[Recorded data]

———

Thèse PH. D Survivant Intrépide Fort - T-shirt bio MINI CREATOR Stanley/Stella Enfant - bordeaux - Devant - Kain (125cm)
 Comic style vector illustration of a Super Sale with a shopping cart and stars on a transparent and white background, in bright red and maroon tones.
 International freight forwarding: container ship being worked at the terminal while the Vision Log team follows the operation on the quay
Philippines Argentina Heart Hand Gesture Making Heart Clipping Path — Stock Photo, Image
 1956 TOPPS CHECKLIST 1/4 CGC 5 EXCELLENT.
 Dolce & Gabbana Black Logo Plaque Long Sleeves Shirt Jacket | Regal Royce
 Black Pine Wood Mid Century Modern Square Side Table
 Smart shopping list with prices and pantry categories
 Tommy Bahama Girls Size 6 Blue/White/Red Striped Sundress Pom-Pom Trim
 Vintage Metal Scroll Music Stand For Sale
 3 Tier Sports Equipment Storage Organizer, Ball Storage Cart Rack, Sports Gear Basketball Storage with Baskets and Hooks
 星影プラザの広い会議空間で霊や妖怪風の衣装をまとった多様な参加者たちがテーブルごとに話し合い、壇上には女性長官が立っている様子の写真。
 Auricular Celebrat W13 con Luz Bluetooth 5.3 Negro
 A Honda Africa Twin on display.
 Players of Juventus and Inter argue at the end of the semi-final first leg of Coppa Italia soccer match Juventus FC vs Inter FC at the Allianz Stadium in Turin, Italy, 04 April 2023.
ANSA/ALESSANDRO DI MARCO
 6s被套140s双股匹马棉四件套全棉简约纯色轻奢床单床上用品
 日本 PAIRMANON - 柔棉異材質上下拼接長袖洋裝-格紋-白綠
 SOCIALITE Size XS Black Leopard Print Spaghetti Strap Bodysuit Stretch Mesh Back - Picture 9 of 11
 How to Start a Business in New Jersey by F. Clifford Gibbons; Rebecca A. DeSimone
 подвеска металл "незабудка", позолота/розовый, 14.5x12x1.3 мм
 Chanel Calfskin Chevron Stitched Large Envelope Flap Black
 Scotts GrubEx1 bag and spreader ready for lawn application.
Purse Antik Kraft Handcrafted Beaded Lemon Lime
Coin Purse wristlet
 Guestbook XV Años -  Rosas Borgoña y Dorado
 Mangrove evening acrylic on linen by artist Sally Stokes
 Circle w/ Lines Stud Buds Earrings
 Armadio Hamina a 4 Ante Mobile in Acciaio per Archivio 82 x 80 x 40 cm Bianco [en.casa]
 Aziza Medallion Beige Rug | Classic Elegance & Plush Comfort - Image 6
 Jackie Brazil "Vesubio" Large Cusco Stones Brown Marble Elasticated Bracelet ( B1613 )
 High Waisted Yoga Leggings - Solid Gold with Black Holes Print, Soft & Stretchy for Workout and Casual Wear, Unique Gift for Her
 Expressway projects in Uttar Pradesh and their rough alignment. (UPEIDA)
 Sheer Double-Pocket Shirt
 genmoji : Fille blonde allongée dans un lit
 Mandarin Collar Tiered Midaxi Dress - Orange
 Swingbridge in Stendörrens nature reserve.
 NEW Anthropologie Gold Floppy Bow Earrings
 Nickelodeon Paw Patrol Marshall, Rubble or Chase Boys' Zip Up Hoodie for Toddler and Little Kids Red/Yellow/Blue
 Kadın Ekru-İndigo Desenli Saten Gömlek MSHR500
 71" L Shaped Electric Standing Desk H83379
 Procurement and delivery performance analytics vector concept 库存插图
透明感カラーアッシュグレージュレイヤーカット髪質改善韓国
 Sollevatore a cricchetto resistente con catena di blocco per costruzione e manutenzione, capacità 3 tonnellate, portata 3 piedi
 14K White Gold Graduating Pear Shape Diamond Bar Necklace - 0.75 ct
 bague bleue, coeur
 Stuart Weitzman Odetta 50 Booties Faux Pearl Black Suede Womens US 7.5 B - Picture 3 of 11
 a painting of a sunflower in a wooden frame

———

All records must be repeated exactly, with none skipped.

Thèse PH. D Survivant Intrépide Fort - T-shirt bio MINI CREATOR Stanley/Stella Enfant - bordeaux - Devant - Kain (125cm)
 Comic style vector illustration of a Super Sale with a shopping cart and stars on a transparent and white background, in bright red and maroon tones.
 International freight forwarding: container ship being worked at the terminal while the Vision Log team follows the operation on the quay
Philippines Argentina Heart Hand Gesture Making Heart Clipping Path — Stock Photo, Image
 1956 TOPPS CHECKLIST 1/4 CGC 5 EXCELLENT.
 Dolce & Gabbana Black Logo Plaque Long Sleeves Shirt Jacket | Regal Royce
 Black Pine Wood Mid Century Modern Square Side Table
 Smart shopping list with prices and pantry categories
 Tommy Bahama Girls Size 6 Blue/White/Red Striped Sundress Pom-Pom Trim
 Vintage Metal Scroll Music Stand For Sale
 3 Tier Sports Equipment Storage Organizer, Ball Storage Cart Rack, Sports Gear Basketball Storage with Baskets and Hooks
 星影プラザの広い会議空間で霊や妖怪風の衣装をまとった多様な参加者たちがテーブルごとに話し合い、壇上には女性長官が立っている様子の写真。
 Auricular Celebrat W13 con Luz Bluetooth 5.3 Negro
 A Honda Africa Twin on display.
 Players of Juventus and Inter argue at the end of the semi-final first leg of Coppa Italia soccer match Juventus FC vs Inter FC at the Allianz Stadium in Turin, Italy, 04 April 2023.
ANSA/ALESSANDRO DI MARCO
 6s被套140s双股匹马棉四件套全棉简约纯色轻奢床单床上用品
 日本 PAIRMANON - 柔棉異材質上下拼接長袖洋裝-格紋-白綠
 SOCIALITE Size XS Black Leopard Print Spaghetti Strap Bodysuit Stretch Mesh Back - Picture 9 of 11
 How to Start a Business in New Jersey by F. Clifford Gibbons; Rebecca A. DeSimone
 подвеска металл "незабудка", позолота/розовый, 14.5x12x1.3 мм
 Chanel Calfskin Chevron Stitched Large Envelope Flap Black
 Scotts GrubEx1 bag and spreader ready for lawn application.
Purse Antik Kraft Handcrafted Beaded Lemon Lime
Coin Purse wristlet
 Guestbook XV Años -  Rosas Borgoña y Dorado
 Mangrove evening acrylic on linen by artist Sally Stokes
 Circle w/ Lines Stud Buds Earrings
 Armadio Hamina a 4 Ante Mobile in Acciaio per Archivio 82 x 80 x 40 cm Bianco [en.casa]
 Aziza Medallion Beige Rug | Classic Elegance & Plush Comfort - Image 6
 Jackie Brazil "Vesubio" Large Cusco Stones Brown Marble Elasticated Bracelet ( B1613 )
 High Waisted Yoga Leggings - Solid Gold with Black Holes Print, Soft & Stretchy for Workout and Casual Wear, Unique Gift for Her
 Expressway projects in Uttar Pradesh and their rough alignment. (UPEIDA)
 Sheer Double-Pocket Shirt
 genmoji : Fille blonde allongée dans un lit
 Mandarin Collar Tiered Midaxi Dress - Orange
 Swingbridge in Stendörrens nature reserve.
 NEW Anthropologie Gold Floppy Bow Earrings
 Nickelodeon Paw Patrol Marshall, Rubble or Chase Boys' Zip Up Hoodie for Toddler and Little Kids Red/Yellow/Blue
 Kadın Ekru-İndigo Desenli Saten Gömlek MSHR500
 71" L Shaped Electric Standing Desk H83379
 Procurement and delivery performance analytics vector concept 库存插图
透明感カラーアッシュグレージュレイヤーカット髪質改善韓国
 Sollevatore a cricchetto resistente con catena di blocco per costruzione e manutenzione, capacità 3 tonnellate, portata 3 piedi
 14K White Gold Graduating Pear Shape Diamond Bar Necklace - 0.75 ct
 bague bleue, coeur
 Stuart Weitzman Odetta 50 Booties Faux Pearl Black Suede Womens US 7.5 B - Picture 3 of 11
 a painting of a sunflower in a wooden frame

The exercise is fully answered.